I haven't forgotten about you guys. I even got started on a couple of posts for this blog, which I've left incomplete for now. But it's not just this blog that's suffering neglect. I have friends I'm supposed to email back, or get back in touch with, or get together with, and I've been slow to follow through.
I think it's because the Cambodia trip is still eating at me. This summer my husband and I went on a short term missions trip to Cambodia for ten days, my first missions trip since I was in college in 1987. Ever since that first trip in '87, I've wanted to go back. The past twenty-one years I've invested a lot of time thinking and educating myself about foreign missions. I thought finally getting the chance to go to Cambodia would reignite a desire for missionary work and give me clearer direction about when and where that would take place.
Instead I've come back feeling less excited about it than before, and I guess I didn't expect I'd feel that way. I'm not less enthusiastic about missionary work itself. I understand the tremendous needs out there and saw them firsthand.
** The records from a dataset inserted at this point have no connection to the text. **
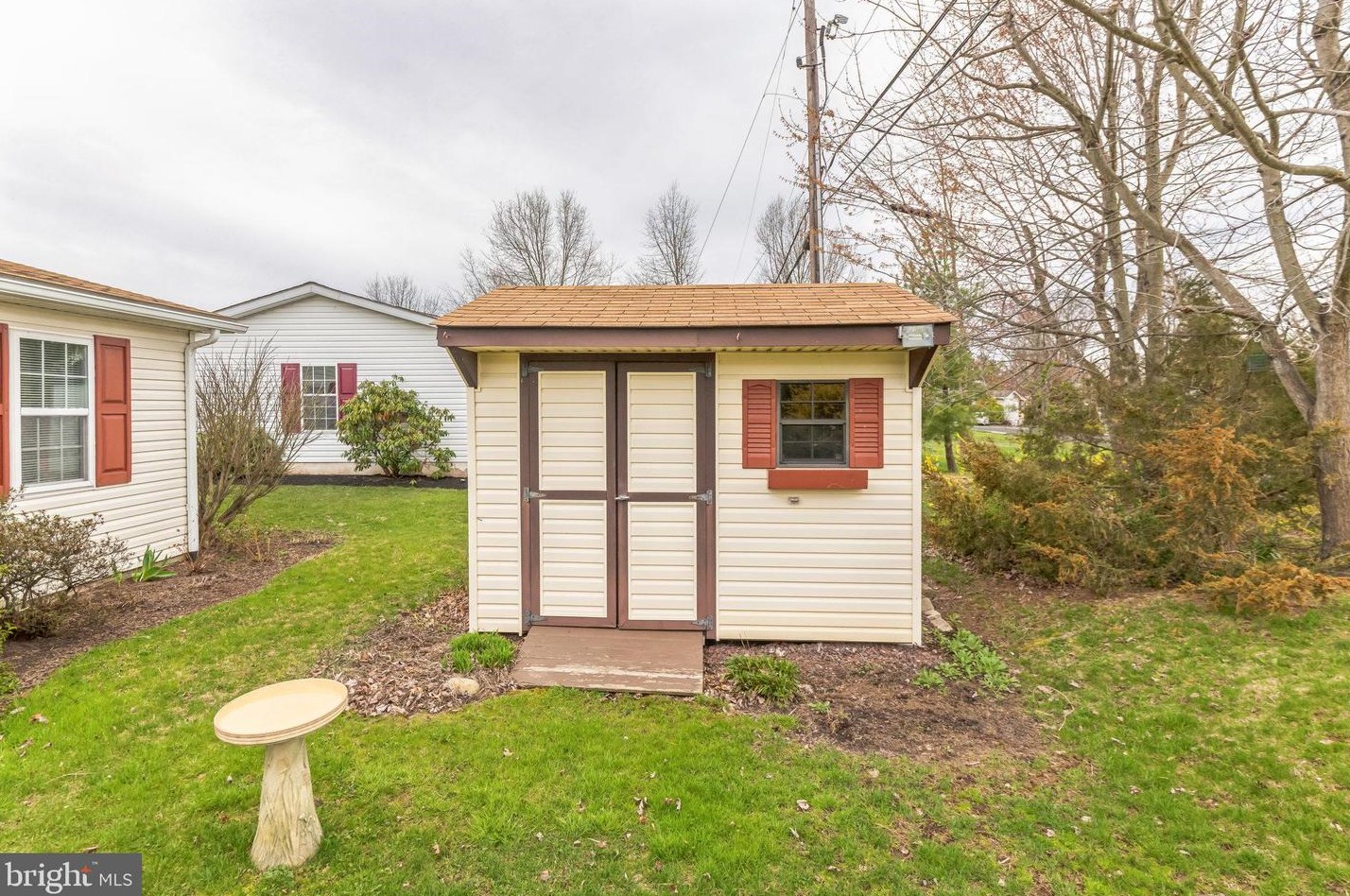 24 Williams Way, Sellersville PA  18960-2845 exterior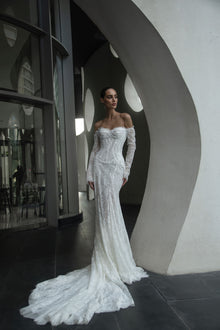  Long Sleeve Lace Wedding Gown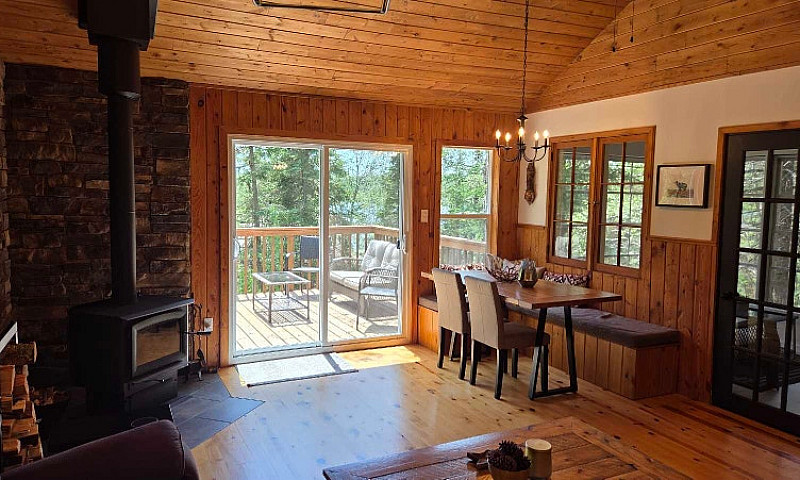 Cottage On Granite L...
I was inspired by the missionary workers I met who have given up everything to dedicate themselves to this task. For most of my life I've half expected that I'd be called upon to make those sacrifices myself. But now, after this trip, I'm no longer sure that God is confirming that path for me.
Twenty-one years is a lot of build-up to come to a conclusion like this, so right now I'm feeling a bit of a let down. But it helps to confront the hard facts of the situation, writing it down here, so that I can start making some progress in moving forward. Maybe when more of that progress is made, I'll feel up to writing again.